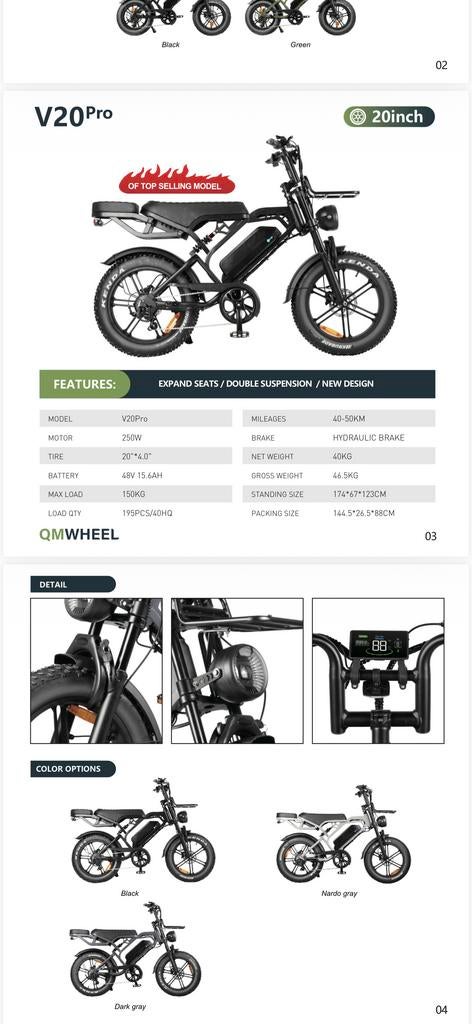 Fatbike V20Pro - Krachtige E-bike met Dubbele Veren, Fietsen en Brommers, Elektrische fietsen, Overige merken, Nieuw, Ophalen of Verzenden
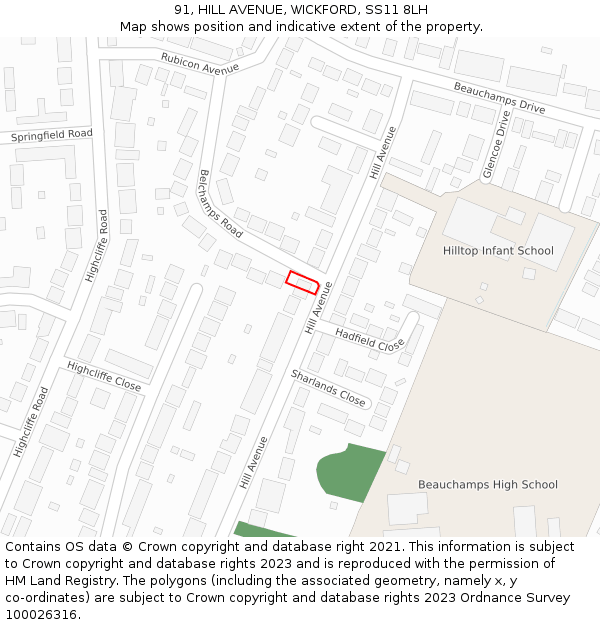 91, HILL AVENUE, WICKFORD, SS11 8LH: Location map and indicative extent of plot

==

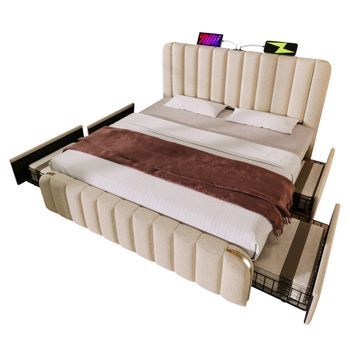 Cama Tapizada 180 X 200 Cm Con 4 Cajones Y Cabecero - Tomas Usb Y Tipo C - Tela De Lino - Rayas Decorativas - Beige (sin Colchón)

Exercise goal:
Using the listing above, repeat word for word each line from the one with "Fatbike V20Pro - Krachtige" down to the one with "91, HILL AVENUE, WICKFORD, SS11", both included. Omit all pictures.

Result of the exercise:
 Fatbike V20Pro - Krachtige E-bike met Dubbele Veren, Fietsen en Brommers, Elektrische fietsen, Overige merken, Nieuw, Ophalen of Verzenden
 91, HILL AVENUE, WICKFORD, SS11 8LH: Location map and indicative extent of plot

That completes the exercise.